Chapter 8. IBM's Global Technology Outlook and Its Implications to Consumer Electronics
Innovation is the lifeblood of the electronics industry. It pulses with new ideas and new products such as FAX, the PC, the MP3 player, the mobile phone, and many infrastructure innovations, some of which fundamentally change the way people live, work, and play. Innovation occurs at the intersection of invention and business insight—in a fusion of new developments and new approaches to solve problems.
How the Global Technology Outlook is Prepared
IBM's research division conducts an annual GTO in addition to, but often feeding into, its ongoing cycle of strategy and planning.
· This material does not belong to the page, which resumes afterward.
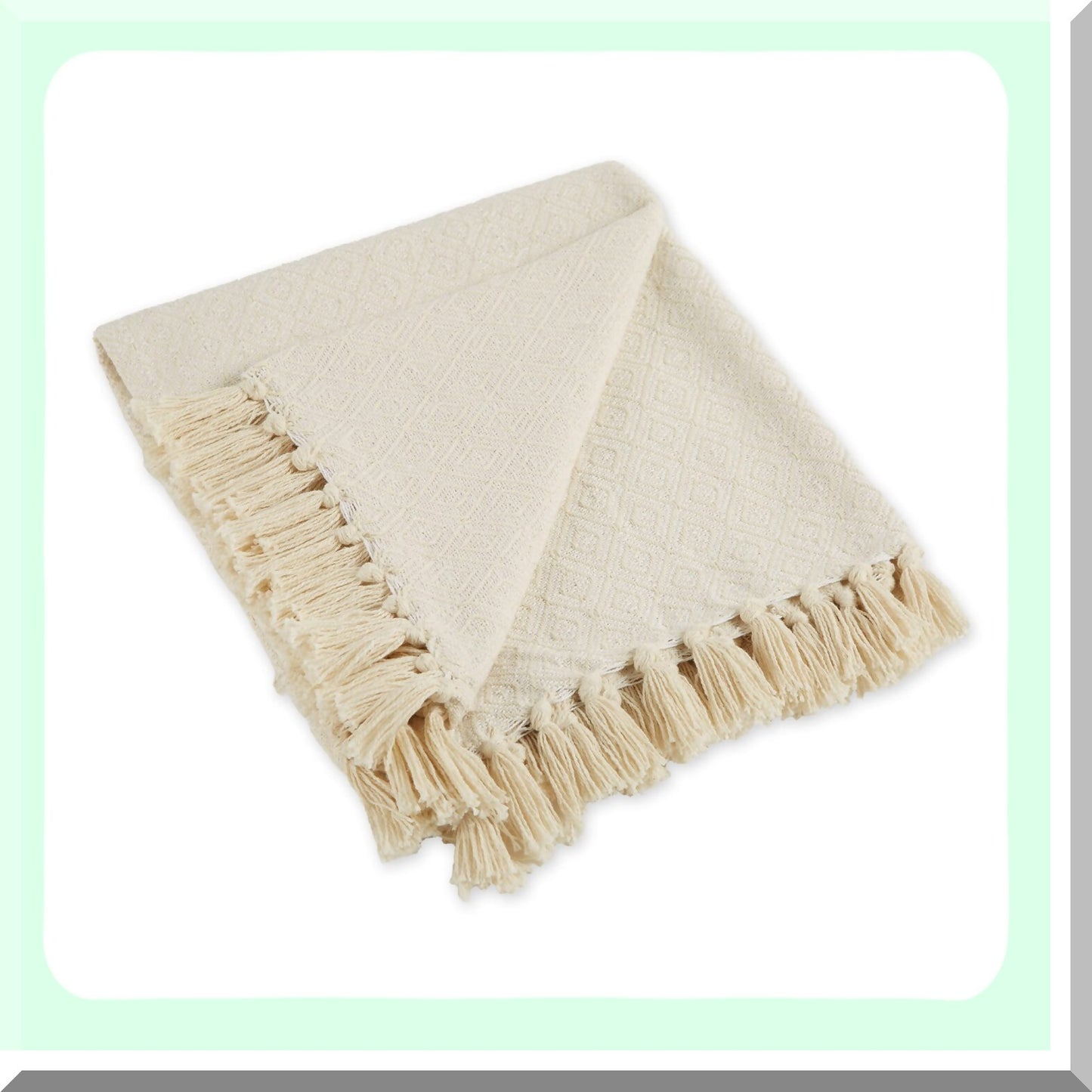 Diamond Weave Natural Throw Blanket - 50x60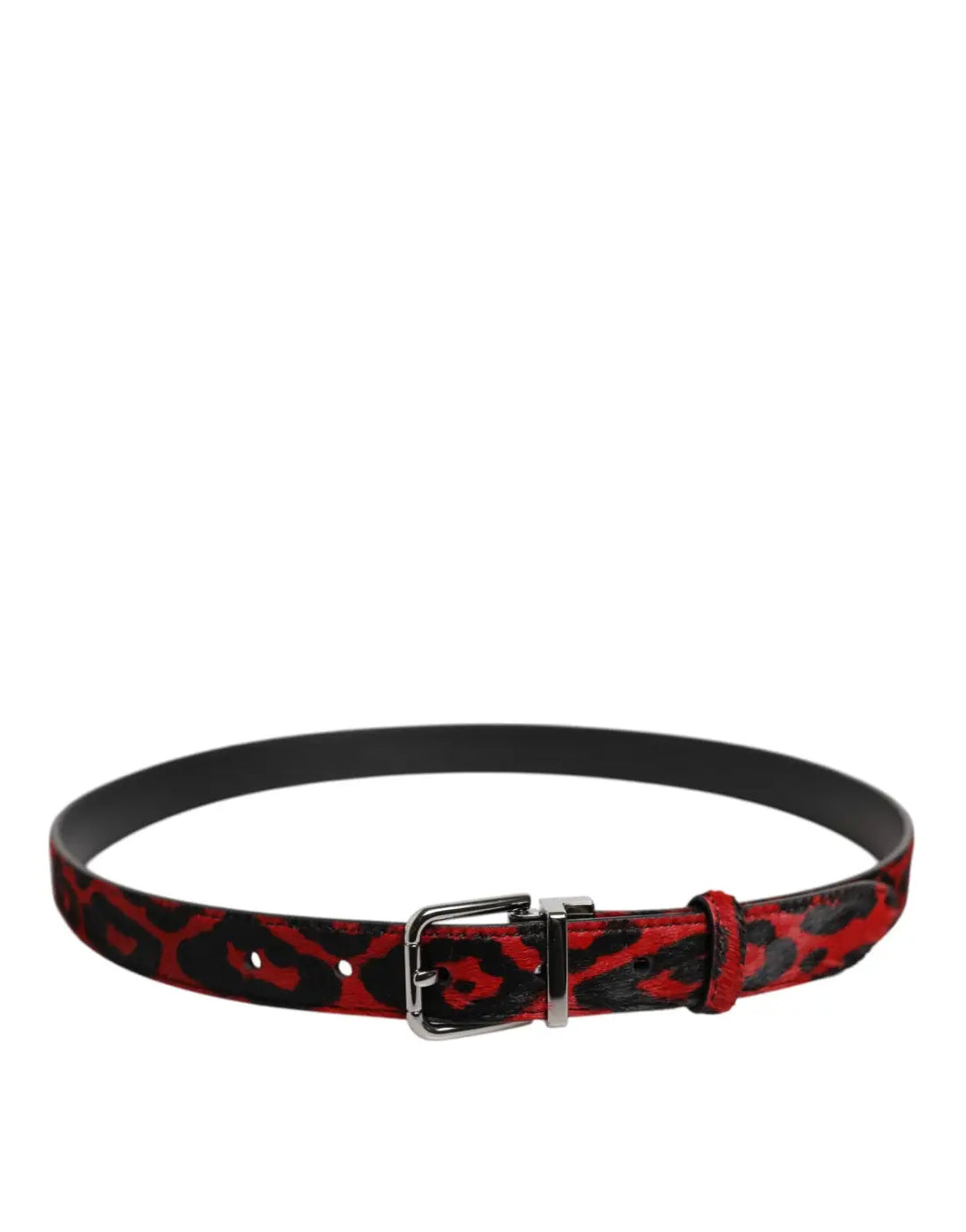 Dolce &amp; Gabbana Black Red Leopard Silver Metal Buckle Belt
The process starts in March each year by them selecting a core production team and representatives from each of IBM's eight Research labs to work on it. A call for topics is issued to the IBM research community, which is the largest and most prolific IT industrial research community in the world and which is largely responsible for IBM receiving the most US patents (a record 3,248 in 2004) already for the twelfth consecutive year.
The call for GTO topics typically generates about 100 topics that are related to IBM's current or future businesses opportunities. They have a technical basis and cover a timeframe of about three to five years, although some technology topics may look further ahead. The topics include technology and business trends and disruptive changes that people think are likely to happen. They are all presented to the core team, lab representatives, and the research senior vice president. Similar ideas are clustered into single topics, and the best of them all are selected for further studies.